How do I use JindoSDK with Apache Flink to process data stored in OSS-HDFS? - Object Storage Service

You cannot use open source Apache Flink to write data to OSS-HDFS in streaming mode or to write data to storage media by using exactly-once semantics. If you want to write data to OSS-HDFS in streaming mode by using exactly-once semantics in Apache Flink, you must use JindoSDK together with Apache Flink.

Note

If you do not want to deploy JindoSDK before you write data to OSS-HDFS in streaming mode by using Apache Flink, you can use Realtime Compute for Apache Flink to write data to OSS-HDFS. For more information, see Use Realtime Compute for Apache Flink to read data from or write data to OSS or OSS-HDFS.

Prerequisites

An Elastic Compute Service (ECS) instance is created. For more information, see Create an instance.
OSS-HDFS is enabled for a bucket and access permissions on OSS-HDFS are granted. For more information, see Enable OSS-HDFS and grant access permissions.
Apache Flink 1.10.1 or later is downloaded and installed. The availability of Flink 1.16.0 and later is not verified. For more information about the installation package and version description of Apache Flink, visit Apache Flink.

Configure JindoSDK

Log on to the ECS instance. For more information, see Connect to an instance.
Download and decompress the latest version of the JindoSDK JAR package. For more information, visit GitHub.
Move the jindo-flink-${version}-full.jar file in the plugins/flink/ directory of JindoSDK to the lib directory in the root directory where Apache Flink resides.
```
mv plugins/flink/jindo-flink-${version}-full.jar lib/
```

Important

If Apache Flink has a built-in Object Storage Service (OSS) connector, you must remove it by deleting the flink-oss-fs-hadoop-${flink-version}.jar file from the lib subdirectory or plugins/oss-fs-hadoop path.
After you configure JindoSDK, you can write data to OSS-HDFS in streaming mode by using Flink jobs. You must use the oss:// prefix to write data to OSS-HDFS or OSS. JindoSDK automatically recognizes the written data.

Examples

Configure general settings.
To write data to OSS-HDFS by using exactly-once semantics, perform the following operations:
1. Enable the checkpoint mechanism of Apache Flink.
  Sample code:
  1. Run the following command to create a StreamExecutionEnvironment class:
```
StreamExecutionEnvironment env = StreamExecutionEnvironment.getExecutionEnvironment();
```
  2. Run the following command to enable the checkpoint mechanism:
```
env.enableCheckpointing(<userDefinedCheckpointInterval>, CheckpointingMode.EXACTLY_ONCE);
```
2. Use a data source that supports data retransmission, such as Kafka.
Configure quick settings to use Apache Flink.
You can include a path that starts with oss://, and use buckets and endpoints in OSS-HDFS to enable Apache Flink. This method does not require additional dependencies.
1. Add a sink.
  The following sample code provides an example on how to write the DataStream<String> object to OSS-HDFS by using OutputStream:
```
String outputPath = "oss://<user-defined-oss-hdfs-bucket.oss-hdfs-endpoint>/<user-defined-dir>"
StreamingFileSink<String> sink = StreamingFileSink.forRowFormat(
        new Path(outputPath),
        new SimpleStringEncoder<String>("UTF-8")
).build();
outputStream.addSink(sink);
```
  Important
  In the preceding example, the field that includes .<oss-hdfs-endpoint> is optional. If you want to ignore this field, make sure that you specify the correct endpoint of OSS-HDFS in the Flink component or Hadoop component.
2. Use env.execute() to execute Flink jobs.
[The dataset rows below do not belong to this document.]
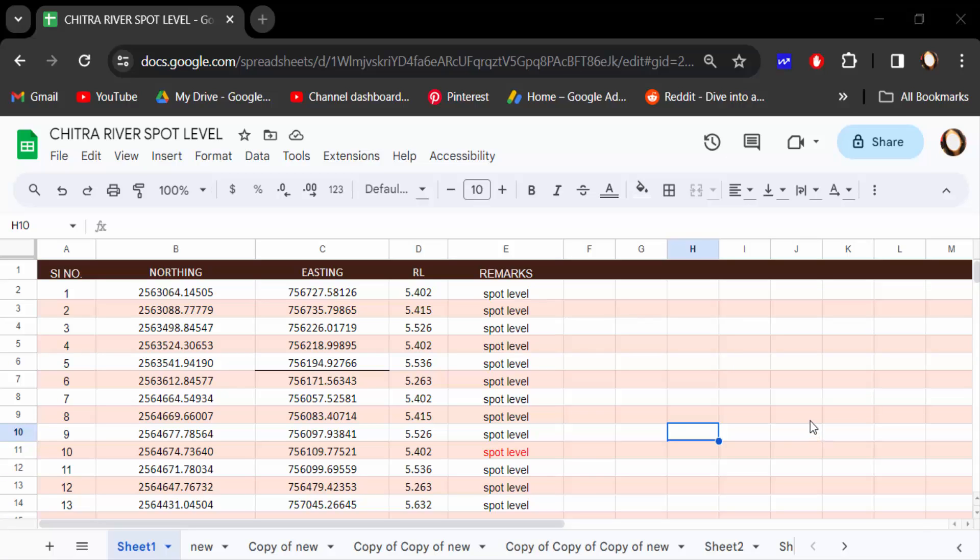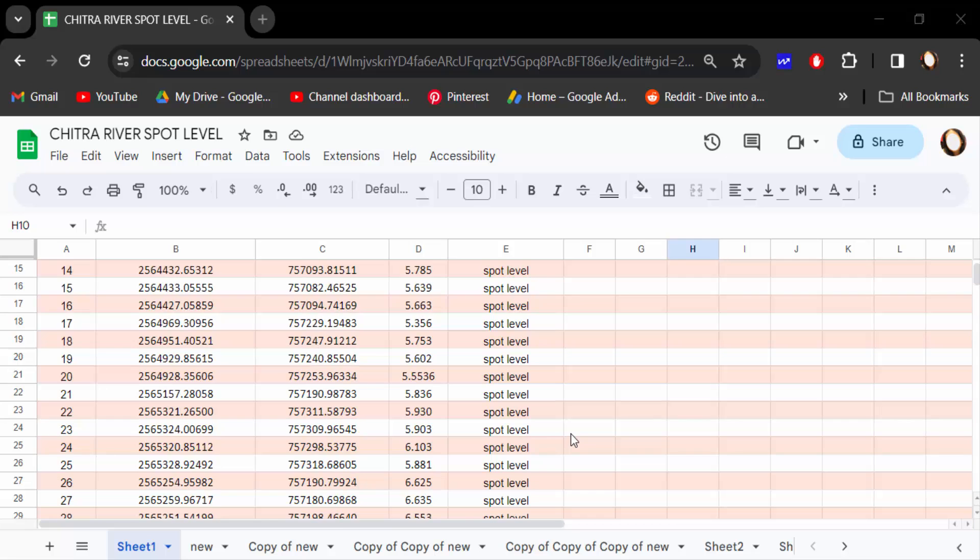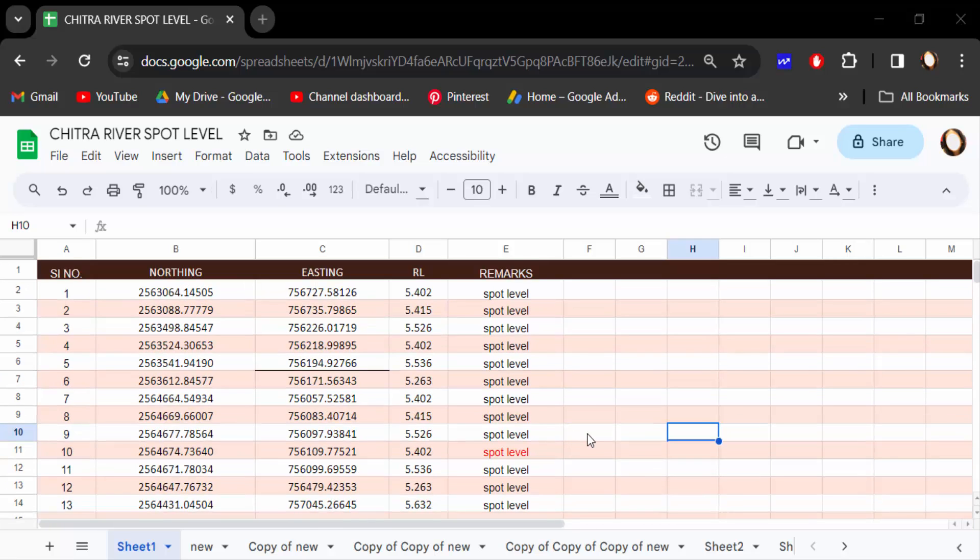Hello everyone, assalamualaikum. In this tutorial today I'll show you how to remove alternating colors in Google Sheets. So let's get started. Open this Google Sheets document and you can see this document has alternating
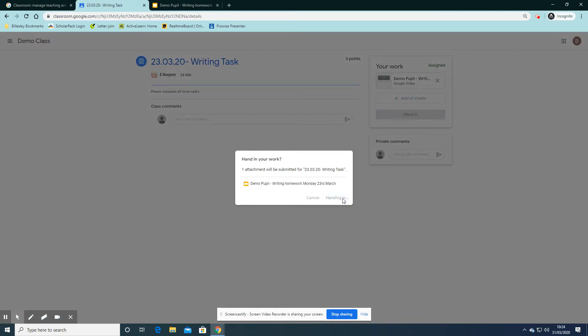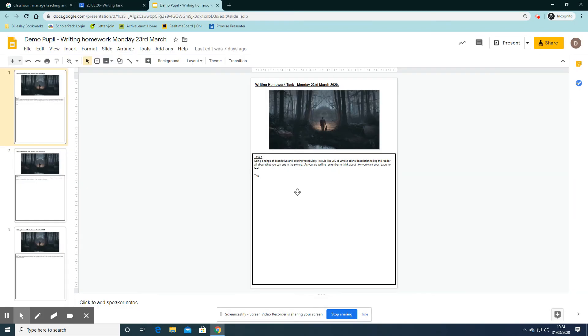Once I've handed in my work, I can no longer edit my Google Slide because it's been handed in and it's ready to be marked.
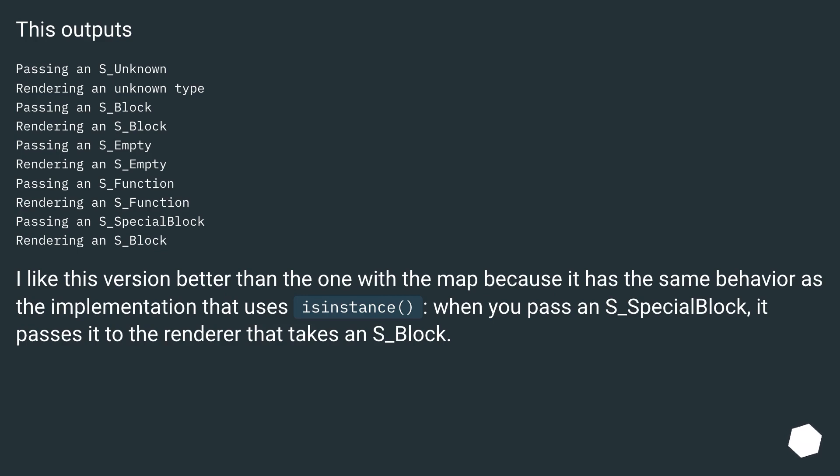I like this version better than the one with the map because it has the same behavior as the implementation that uses isinstance. When you pass an s_special_block, it passes it to the renderer that takes an s_block.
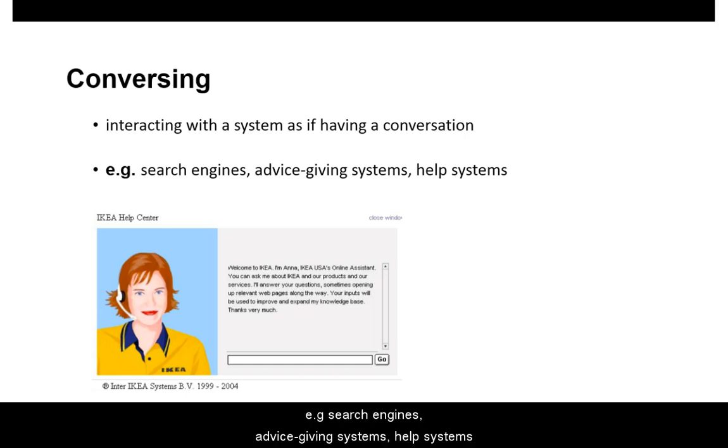Examples include search engines, advice-giving systems, and Skype.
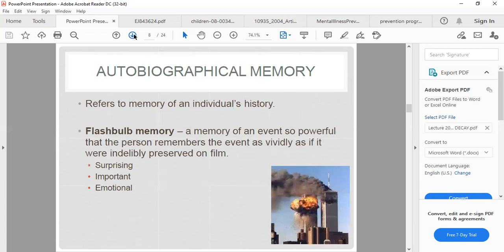Autobiographical memory refers to memory of an individual's personal history. Flashbulb memory is a memory of an event so powerful that the person remembers it as vividly as if it were indelibly presented on film — surprising, important, and highly emotional. A good example is 9/11. Even asking our parents or forefathers who participated in a war, they recall events as if they are happening right now — that is flashbulb memory.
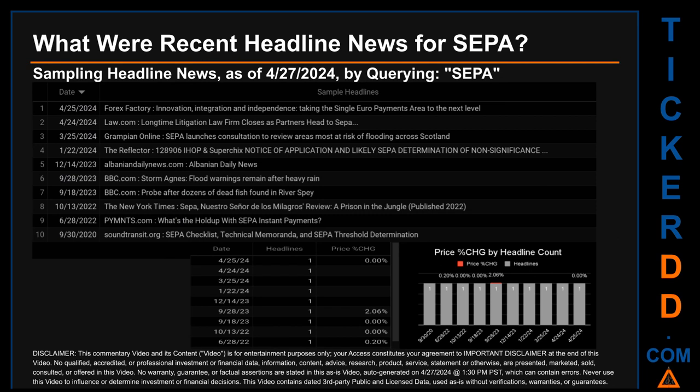SEPA started the day trading at $10 and went on to close at $10. The oldest publication was on Wednesday September 30, 2020, when three years, seven months, and 28 days ago, soundtransit.org published the headline that read: "SEPA Checklist, Technical Memoranda and SEPA Threshold Determination." The latest publication date of Thursday April 25, 2024 was actually the day with the lowest percentage change in price, seeing a price jump of 2.06%.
(Optional) Configure custom settings

When you submit Flink jobs, you can configure custom parameters to enable or manage specific features.
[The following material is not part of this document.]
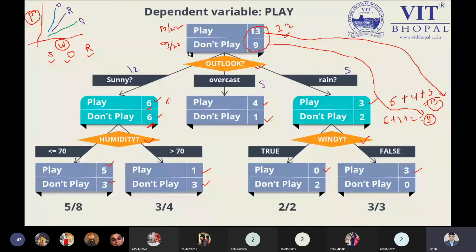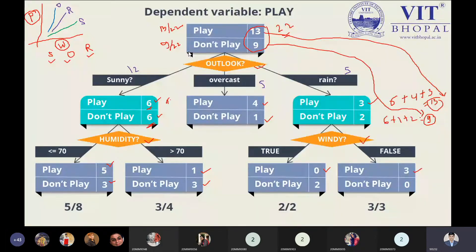This diagram is visible to all? Yes sir, visible. Good. So in the dependent variable we have the variable 'Play.' The dependent variable — our Y variable — decides whether we have the possibility to play the game or not. Suppose based on weather forecasting you need to decide to play a game. We have 22 people: 13 people are ready to play while 9 are not ready to play. So the probability of playing is 13/22, and the probability of not playing is 9/22.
The following sample code provides an example on how to use -yD to configure settings for Flink job submissions based on Yarn clusters.

<flink_home>/bin/flink run -m yarn-cluster -yD key1=value1 -yD key2=value2 ...

You can enable entropy injection. The entropy injection feature allows you to replace a specific string of the destination path with a random string. This way, written data is distributed to different partitions based on the specified paths to improve write performance.

To write data to OSS-HDFS, you must complete the following configurations:

oss.entropy.key=<user-defined-key>
oss.entropy.length=<user-defined-length>

When you write data to an object, the <user-defined-key> string in the write path is replaced by a random string. The length of the random string must be the same as the value of <user-defined-length>. The value of <user-defined-length> must be greater than 0.